The stability of the system is investigated by numerical means and is performed by linearizing and perturbing the system around its equilibrium points to form Jacobian matrices. The resulting matrices are further used to obtain the eigenvalues of the system. The system is investigated under variation of mass flow rate, and it is found that within the operational range the eigenvalues are located in the negative part of the phase plane, implying linear stability. Further, the calculated decay ratios indicate a strongly damped system.

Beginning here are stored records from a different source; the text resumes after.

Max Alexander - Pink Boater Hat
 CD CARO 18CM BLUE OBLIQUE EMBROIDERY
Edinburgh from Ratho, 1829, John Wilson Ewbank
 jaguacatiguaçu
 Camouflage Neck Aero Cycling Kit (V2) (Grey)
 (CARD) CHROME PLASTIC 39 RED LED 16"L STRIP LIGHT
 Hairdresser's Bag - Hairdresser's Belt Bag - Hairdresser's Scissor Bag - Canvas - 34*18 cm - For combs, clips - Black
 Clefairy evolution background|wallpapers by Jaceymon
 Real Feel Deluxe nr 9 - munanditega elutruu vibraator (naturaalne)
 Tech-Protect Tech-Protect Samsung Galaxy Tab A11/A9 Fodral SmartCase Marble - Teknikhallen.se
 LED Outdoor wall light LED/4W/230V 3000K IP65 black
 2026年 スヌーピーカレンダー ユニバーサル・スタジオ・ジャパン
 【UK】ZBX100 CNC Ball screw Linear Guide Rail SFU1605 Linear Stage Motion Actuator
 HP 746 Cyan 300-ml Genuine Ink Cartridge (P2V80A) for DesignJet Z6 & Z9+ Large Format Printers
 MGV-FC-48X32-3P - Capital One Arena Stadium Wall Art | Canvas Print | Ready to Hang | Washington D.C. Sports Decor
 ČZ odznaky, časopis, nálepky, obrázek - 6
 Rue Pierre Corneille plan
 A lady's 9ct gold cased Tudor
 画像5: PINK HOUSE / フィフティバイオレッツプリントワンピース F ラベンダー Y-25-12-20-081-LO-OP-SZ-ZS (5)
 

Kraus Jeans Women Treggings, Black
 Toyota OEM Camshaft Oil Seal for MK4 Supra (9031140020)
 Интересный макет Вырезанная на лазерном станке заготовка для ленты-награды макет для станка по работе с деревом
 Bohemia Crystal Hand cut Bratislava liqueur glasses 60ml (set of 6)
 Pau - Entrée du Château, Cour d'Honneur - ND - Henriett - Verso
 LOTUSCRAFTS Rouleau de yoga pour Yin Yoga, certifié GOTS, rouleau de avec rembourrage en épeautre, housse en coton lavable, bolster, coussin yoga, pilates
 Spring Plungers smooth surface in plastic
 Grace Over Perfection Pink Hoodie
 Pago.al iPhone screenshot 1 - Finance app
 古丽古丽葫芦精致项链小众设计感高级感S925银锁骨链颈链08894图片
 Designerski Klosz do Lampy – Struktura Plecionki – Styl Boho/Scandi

Simulations of transient conditions are performed, namely, a step change in coolant flow rate and inlet temperature, representing situations that might occur in real operations of the reactor. The coolant flow rate is varied by ±1 kg/s and the inlet gas temperature is varied by ±10 K from their steady state of 33 kg/s and 543 K, respectively. Another transient is also simulated, i.e., a transient related to noise resulting from stochastic movements of the fuel particles. For this purpose, an additional term is included in the reactivity feedback and modeled as a time-dependent external reactivity. Magnitude of the variance for this simulation is obtained from the preceding static calculations. These simulations show that the total power of the reactor may fluctuate and reach high values. However, the fuel temperature, thanks to passive reactivity feedback, is well below safety limits at all times.